I hate modern art. If it isn’t a picture of something, or it doesn’t look like what it’s supposed to be, I have no patience for it. When dragged to modern art museums, as I sometimes am, I spend my time muttering darkly about how much money I could make passing off my three-year-old’s scribbles as art. “Look!” I’ll hiss at my husband, gesturing angrily, “That’s just a piece of white paper! White paper! I could buy that at Staples for, like, half a cent!” My husband won’t answer. He’ll be reading the placard about the artist’s “process” and pretending he doesn’t know me.
The truth is, in addition to the fact that looking at paint splatters holds zero interest for me unless I’m saying “That’s beautiful, dear” and hanging them on my refrigerator, modern art makes me mad. I hate that I live in a cultural moment in which the beauty and craftsmanship of, say, the Renaissance, has been replaced by the asinine idea that all that must be “deconstructed.” Art should describe the human experience and “random lines on page number 543” just doesn’t cut it. Which is why I’m so fascinated by the work of Alexey Kondakov.
“Alexey who?” you say. Allow me to enlighten you. Alexey Kondakov is a Ukrainian artist who seamlessly inserts classical artwork into modern-day landscapes using photoshop. His work is striking, not just for the clever visuals — which are expertly executed — but for what it represents.
See, of course times have changed since the Renaissance, or Victorian England, or whenever. And art should change too. But here’s a perfect example of an artist using modern techniques to make a statement about the universality of art, its relevance in our time, and the poignancy of the past.
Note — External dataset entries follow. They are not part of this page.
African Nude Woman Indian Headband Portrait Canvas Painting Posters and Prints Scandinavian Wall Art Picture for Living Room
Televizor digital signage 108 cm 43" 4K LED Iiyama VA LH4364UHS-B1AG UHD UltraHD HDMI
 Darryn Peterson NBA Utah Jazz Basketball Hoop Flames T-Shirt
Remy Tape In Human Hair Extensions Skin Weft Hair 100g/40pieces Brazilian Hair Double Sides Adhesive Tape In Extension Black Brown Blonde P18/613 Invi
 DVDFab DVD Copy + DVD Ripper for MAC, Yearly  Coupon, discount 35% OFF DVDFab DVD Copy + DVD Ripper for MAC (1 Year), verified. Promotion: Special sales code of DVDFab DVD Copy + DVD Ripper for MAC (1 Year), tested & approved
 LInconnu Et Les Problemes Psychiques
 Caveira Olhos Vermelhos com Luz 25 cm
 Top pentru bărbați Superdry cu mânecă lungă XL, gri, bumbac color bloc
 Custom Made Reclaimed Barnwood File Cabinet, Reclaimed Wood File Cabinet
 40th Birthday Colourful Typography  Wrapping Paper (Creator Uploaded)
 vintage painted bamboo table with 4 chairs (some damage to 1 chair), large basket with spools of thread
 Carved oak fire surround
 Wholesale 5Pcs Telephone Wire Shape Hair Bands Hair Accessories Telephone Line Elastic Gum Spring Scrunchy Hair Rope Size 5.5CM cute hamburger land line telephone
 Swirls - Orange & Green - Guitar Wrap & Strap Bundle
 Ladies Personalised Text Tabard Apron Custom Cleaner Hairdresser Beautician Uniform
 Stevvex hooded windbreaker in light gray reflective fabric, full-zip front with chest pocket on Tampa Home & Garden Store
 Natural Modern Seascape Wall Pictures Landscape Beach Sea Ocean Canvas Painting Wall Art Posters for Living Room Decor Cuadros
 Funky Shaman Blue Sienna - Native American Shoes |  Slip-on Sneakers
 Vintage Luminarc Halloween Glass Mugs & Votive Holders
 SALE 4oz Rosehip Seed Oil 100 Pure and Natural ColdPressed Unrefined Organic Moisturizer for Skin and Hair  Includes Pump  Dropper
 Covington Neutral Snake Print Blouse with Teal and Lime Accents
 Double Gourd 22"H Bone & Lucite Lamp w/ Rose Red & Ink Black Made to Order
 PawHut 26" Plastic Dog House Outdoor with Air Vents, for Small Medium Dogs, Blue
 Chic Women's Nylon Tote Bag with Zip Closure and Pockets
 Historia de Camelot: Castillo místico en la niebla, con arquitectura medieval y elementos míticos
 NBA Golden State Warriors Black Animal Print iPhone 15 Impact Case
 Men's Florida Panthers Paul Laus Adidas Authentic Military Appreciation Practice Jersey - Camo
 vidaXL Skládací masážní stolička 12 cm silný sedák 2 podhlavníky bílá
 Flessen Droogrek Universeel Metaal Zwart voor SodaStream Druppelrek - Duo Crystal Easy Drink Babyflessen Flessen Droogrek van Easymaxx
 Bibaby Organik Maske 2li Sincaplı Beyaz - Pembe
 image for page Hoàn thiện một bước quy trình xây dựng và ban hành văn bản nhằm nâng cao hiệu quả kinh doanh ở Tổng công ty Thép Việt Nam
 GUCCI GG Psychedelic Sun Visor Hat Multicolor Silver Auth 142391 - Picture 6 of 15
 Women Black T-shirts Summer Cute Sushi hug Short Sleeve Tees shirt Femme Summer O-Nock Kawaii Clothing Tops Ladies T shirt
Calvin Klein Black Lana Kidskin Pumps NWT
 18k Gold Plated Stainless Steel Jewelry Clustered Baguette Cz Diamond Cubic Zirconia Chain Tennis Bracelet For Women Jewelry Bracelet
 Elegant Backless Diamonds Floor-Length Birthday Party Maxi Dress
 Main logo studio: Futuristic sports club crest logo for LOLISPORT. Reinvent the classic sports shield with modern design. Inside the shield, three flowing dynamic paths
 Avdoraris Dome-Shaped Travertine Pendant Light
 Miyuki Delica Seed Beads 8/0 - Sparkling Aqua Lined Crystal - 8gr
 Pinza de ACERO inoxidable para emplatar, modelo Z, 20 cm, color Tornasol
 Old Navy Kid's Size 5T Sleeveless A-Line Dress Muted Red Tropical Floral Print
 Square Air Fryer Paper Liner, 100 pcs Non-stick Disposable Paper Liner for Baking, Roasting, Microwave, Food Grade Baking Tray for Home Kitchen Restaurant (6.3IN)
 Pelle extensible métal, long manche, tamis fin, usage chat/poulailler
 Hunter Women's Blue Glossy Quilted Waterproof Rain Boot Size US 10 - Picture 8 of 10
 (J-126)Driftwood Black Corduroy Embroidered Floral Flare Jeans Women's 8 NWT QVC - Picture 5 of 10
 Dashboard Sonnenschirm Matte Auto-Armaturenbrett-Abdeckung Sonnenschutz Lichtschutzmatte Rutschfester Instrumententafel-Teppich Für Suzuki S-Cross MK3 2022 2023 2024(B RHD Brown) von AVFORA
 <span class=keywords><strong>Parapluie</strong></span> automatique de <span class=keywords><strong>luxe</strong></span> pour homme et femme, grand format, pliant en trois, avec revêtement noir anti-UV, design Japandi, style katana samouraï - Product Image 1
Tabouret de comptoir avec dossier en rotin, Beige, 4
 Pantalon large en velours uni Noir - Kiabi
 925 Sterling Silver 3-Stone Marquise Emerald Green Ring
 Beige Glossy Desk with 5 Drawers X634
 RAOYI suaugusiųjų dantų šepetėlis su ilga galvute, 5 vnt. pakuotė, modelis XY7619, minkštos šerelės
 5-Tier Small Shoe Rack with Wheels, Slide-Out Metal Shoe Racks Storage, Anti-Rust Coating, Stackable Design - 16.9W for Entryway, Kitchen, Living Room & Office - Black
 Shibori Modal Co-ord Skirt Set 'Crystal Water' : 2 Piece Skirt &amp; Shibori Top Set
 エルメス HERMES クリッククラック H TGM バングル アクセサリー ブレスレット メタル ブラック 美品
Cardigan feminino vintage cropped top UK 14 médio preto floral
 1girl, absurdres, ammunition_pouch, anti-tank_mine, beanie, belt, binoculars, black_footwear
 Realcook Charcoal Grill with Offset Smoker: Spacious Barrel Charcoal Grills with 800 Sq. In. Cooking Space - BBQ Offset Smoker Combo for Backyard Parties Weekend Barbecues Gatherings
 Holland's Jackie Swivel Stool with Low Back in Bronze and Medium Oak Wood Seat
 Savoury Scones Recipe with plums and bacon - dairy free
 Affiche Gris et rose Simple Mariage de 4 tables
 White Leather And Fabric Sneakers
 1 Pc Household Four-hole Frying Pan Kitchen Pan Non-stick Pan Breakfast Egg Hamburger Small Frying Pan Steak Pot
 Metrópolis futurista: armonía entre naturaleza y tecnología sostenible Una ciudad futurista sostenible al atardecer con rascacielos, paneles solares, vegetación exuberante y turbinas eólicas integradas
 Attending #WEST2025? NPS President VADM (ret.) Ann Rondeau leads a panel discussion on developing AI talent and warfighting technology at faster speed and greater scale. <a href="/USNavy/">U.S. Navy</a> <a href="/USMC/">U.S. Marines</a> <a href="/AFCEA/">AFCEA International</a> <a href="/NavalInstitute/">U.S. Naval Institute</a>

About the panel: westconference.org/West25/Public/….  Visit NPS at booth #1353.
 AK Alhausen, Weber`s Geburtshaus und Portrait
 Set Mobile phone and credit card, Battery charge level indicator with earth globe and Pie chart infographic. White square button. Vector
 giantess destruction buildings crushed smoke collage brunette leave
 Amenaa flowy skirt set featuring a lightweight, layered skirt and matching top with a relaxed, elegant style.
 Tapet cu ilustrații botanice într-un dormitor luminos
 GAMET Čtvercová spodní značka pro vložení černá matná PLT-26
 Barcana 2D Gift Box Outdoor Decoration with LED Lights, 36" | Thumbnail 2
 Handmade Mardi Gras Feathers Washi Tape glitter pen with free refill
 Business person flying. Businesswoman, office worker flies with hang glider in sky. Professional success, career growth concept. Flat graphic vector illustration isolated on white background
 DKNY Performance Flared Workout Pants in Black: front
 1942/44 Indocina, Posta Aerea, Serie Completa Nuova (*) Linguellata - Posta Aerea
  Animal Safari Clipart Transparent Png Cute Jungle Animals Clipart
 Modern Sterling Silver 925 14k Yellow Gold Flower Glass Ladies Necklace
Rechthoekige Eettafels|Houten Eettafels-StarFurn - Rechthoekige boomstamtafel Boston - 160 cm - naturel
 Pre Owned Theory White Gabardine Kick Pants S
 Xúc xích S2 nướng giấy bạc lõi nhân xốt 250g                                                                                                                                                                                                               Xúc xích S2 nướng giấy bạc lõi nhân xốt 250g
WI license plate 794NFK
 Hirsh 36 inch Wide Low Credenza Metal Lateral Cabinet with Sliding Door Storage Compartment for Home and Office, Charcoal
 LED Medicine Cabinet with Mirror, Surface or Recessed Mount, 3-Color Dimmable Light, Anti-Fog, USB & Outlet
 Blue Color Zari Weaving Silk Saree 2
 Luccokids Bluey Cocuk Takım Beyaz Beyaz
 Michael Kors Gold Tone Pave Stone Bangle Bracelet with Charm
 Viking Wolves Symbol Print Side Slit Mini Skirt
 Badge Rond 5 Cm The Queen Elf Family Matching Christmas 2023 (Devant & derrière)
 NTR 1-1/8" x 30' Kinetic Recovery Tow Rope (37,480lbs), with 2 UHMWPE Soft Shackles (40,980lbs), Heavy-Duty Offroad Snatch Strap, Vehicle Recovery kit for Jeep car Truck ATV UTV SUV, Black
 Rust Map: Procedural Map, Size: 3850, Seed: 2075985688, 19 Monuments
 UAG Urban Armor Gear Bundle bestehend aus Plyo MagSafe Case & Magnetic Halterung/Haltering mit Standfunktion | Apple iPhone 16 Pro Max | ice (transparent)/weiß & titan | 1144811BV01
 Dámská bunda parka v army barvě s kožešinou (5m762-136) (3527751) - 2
Take this Madonna and child, for example.
It’s beautiful, and beautifully striking. By placing this classical representation of Mary and Jesus on a modern-day subway train, Kondakov brilliantly depicts the humble beginnings of the Word made flesh. It’s such an opulently beautiful painting, in such a mundane setting — a place that any of us might go on any given day without even thinking about it. Isn’t that the point?
Or how about these little cherubs descending into a garbage-strewn pit?
Kondakov calls this one “While you were sleeping.” It gives the viewer the idea that, even in the dirtiest and darkest of places, there might be something beautiful — something heavenly — going on. To me, the juxtaposition of the modern-day scene with the classical cherubs says so much more about past and future and the way they’re connected than, say, a cubist portrait (sorry Picasso) ever could.
Check out this out-of-place dude:
I really identify with this guy! Look at him sitting there at the cheap gingham tablecloth, surrounded by grit and graffiti in all his old-fashioned finery. For all of us who worry that our culture has taken a definitive turn for the worse, this guy could be our poster boy! It says something, and it’s beautiful. It’s art!
Kondakov’s work also connects past and present by showing the ways in which we’re still grappling with the same issues and doing the same things as people from the past. For example, here’s a girl surrounded by clothing who can’t find anything to wear. All the material things in the world won’t ease her loneliness.
Here’s a bunch of guys at a party.
Here’s a couple hanging out.
You get the idea. Artists like Kondakov give me hope for the future of art in a way that going to MoMA never does. I hope there are more artists out there like him, and that their work gets the recognition it deserves. In the meantime, I’m off to try to sell the tablecloth my son accidentally spilled ketchup on the other day. Judging by the stuff they’ve got at MoMA, I’m gonna be a millionaire!